On the first day of the 2011–12 Ligue 1 campaign, Gomis scored the winning goal in a 3–1 victory over Nice on 6 August 2011. On 24 September, he scored a first-half brace against Bordeaux firing his side to a 3–1 away victory.

Gomis bagged four goals in the last round of the 2011–12 UEFA Champions League group stage, helping Lyon to a 7–1 victory over Dinamo Zagreb and progression to the Round of 16 on goal difference. He also created a new record for the fastest Champions League hat-trick ever scored, beating the record owned by Mike Newell. The record was later broken by Mohamed Salah in the 2022–23 UEFA Champions League group stage as Liverpool routed Rangers 7–1.

On 25 February 2012, Gomis scored on a volley to bring his side level with league leaders PSG 1–1; the match finished in a dramatic 4–4 draw, after Lyon was winning 4–2. He replaced Alexandre Lacazette in the 70th minute in a derby match against former club Saint-Étienne on 17 March, and ten minutes later scored a 30-yard strike to earn his side a 1–0 victory. He continued his rich vein of form against relegation-threatened Sochaux on 24 March when he converted an Anthony Réveillère cross to earn his side a 2–1 victory.

===Swansea City===
On 27 June 2014, Gomis signed a four-year contract at Swansea City after leaving Lyon at the end of the 2013–14 Ligue 1 season on a free transfer. He made his competitive debut in the opening match of the season on 16 August, replacing Wilfried Bony for the last 13 minutes of an eventual 2–1 win over Manchester United at Old Trafford. On 26 August he scored his first competitive goal for the club in a 1–0 victory over Rotherham United in the Second Round of the League Cup. Gomis scored his first Premier League goal on 9 November 2014 scoring the winner barely a minute after entering the field, as his side came from behind to beat Arsenal 2–1.

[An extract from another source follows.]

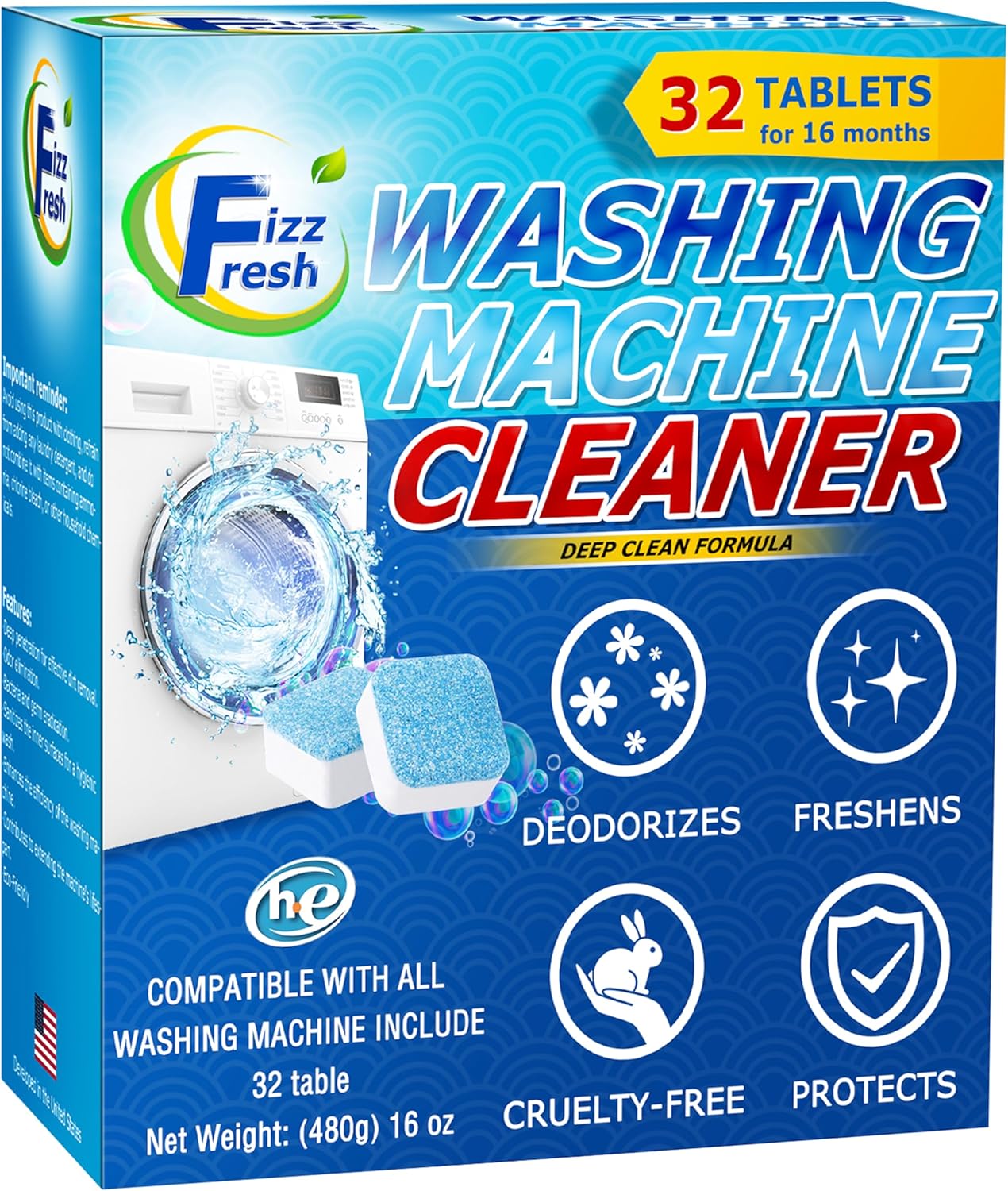 FizzFresh Washer Cleaner Tablets - Deep Clean Drum & Parts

At the beginning of 2015, with Bony leaving to the 2015 Africa Cup of Nations Gomis became the main forward for the Swans, starting the year with a brace at Tranmere Rovers at Prenton Park in a 2–6 win in the FA Cup. On 10 January, after equalising in a 1–1 home draw against West Ham United, he displayed a French flag in support of victims of recent shootings in Paris. On 4 April 2015, Gomis scored in the 38th minute against Hull City with a volley and further sealed the victory by chipping the ball over the Hull City keeper giving him his first Premier League brace and Swansea City a 3–1 victory.

====Loan to Marseille====
On 29 July 2016, Gomis signed on loan to Marseille for the 2016–17 season. On 14 August, he made his debut in a 3–1 loss against Toulouse at the Stade Vélodrome. On 21 November, coach Rudi Garcia made him the captain of the squad for the remainder of the season.

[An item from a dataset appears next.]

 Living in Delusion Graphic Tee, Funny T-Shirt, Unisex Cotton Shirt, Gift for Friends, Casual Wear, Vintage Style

Across all competitions, Gomis scored 21 goals in 33 matches for l'OM. This included a hat-trick on 27 January 2017 in a 5–1 win over Montpellier.

===Galatasaray===
On 28 June 2017, Gomis joined the Turkish club Galatasaray for an undisclosed fee. He was convinced to join by their former players and his friends, Didier Drogba and Aurélien Chedjou. He made his debut for the Istanbul-based club on 13 July in the first leg of the second qualifying round of the Europa League away to Östersunds, a 2–0 loss. On 14 August, he made his Süper Lig debut as his team opened the season with a 4–1 win over Kayserispor. Gomis scored twice and assisted Younès Belhanda. In a game against Akhisarspor on 9 December, Gomis equalised in a 4–2 comeback win at the Türk Telekom Stadium but was later given a red card.

On 23 February 2018, Gomis scored his first hat-trick in Turkey, in a 5–0 home win over Bursaspor. He added four more goals on 3 March in a 7–0 victory at Kardemir Karabükspor, between the 17th and 33rd minutes. He finished the campaign with 29 goals from 33 games, including the sole goal away to Göztepe to win the league title on the last day, making him the Gol Kralı (top scorer).

===Al-Hilal===
On 24 August 2018, Gomis signed for Saudi champions Al-Hilal, on a two-year deal for a €7 million fee. The club finished as runners-up to Riyadh rivals Al-Nassr due to a dip of form in the final stretch of the season from Gomis and the rest of the team. With 21 goals, he was joint second top scorer behind the rivals' Abderrazak Hamdallah.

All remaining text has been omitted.